--- What to produce ---
Quote exactly the lines spanning from the top of the data below to the line that contains "Brookville House |", including both.

'''

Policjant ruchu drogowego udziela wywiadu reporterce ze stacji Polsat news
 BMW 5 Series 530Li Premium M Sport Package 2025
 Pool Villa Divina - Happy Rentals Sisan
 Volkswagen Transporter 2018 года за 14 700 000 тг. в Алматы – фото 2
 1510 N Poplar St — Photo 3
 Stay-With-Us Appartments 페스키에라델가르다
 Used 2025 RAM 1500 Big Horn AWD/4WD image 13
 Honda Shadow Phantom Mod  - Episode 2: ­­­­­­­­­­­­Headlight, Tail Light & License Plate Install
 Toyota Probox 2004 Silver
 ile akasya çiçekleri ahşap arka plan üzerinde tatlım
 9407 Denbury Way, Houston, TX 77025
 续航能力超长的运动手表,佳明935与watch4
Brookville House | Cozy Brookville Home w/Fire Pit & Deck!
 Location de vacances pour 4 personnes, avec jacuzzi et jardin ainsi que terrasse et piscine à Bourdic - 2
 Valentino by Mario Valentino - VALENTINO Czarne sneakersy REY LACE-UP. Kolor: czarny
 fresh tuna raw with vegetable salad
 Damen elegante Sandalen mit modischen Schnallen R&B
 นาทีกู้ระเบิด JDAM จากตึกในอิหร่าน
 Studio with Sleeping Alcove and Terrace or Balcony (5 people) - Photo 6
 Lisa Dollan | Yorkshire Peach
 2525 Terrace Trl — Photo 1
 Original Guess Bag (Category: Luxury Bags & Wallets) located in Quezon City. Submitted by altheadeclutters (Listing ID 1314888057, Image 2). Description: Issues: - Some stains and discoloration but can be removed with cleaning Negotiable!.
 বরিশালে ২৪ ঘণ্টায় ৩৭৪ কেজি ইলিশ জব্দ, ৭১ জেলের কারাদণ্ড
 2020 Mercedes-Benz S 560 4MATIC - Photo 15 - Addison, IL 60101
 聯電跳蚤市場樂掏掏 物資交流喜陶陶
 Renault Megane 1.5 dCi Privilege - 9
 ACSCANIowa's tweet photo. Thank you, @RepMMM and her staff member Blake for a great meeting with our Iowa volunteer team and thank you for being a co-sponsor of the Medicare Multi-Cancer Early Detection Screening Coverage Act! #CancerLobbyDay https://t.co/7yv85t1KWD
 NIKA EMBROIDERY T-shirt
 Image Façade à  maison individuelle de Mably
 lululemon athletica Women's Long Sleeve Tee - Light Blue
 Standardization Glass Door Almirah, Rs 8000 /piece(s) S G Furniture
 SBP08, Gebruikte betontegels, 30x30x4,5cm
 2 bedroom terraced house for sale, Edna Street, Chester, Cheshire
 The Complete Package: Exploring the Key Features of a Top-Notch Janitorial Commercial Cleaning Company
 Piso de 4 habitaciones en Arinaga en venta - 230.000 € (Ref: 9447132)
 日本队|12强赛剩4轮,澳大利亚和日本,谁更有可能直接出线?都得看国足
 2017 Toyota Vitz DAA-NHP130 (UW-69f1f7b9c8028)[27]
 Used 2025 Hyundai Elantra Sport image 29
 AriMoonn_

'''

--- Exercise response ---
Policjant ruchu drogowego udziela wywiadu reporterce ze stacji Polsat news
 BMW 5 Series 530Li Premium M Sport Package 2025
 Pool Villa Divina - Happy Rentals Sisan
 Volkswagen Transporter 2018 года за 14 700 000 тг. в Алматы – фото 2
 1510 N Poplar St — Photo 3
 Stay-With-Us Appartments 페스키에라델가르다
 Used 2025 RAM 1500 Big Horn AWD/4WD image 13
 Honda Shadow Phantom Mod  - Episode 2: ­­­­­­­­­­­­Headlight, Tail Light & License Plate Install
 Toyota Probox 2004 Silver
 ile akasya çiçekleri ahşap arka plan üzerinde tatlım
 9407 Denbury Way, Houston, TX 77025
 续航能力超长的运动手表,佳明935与watch4
Brookville House | Cozy Brookville Home w/Fire Pit & Deck!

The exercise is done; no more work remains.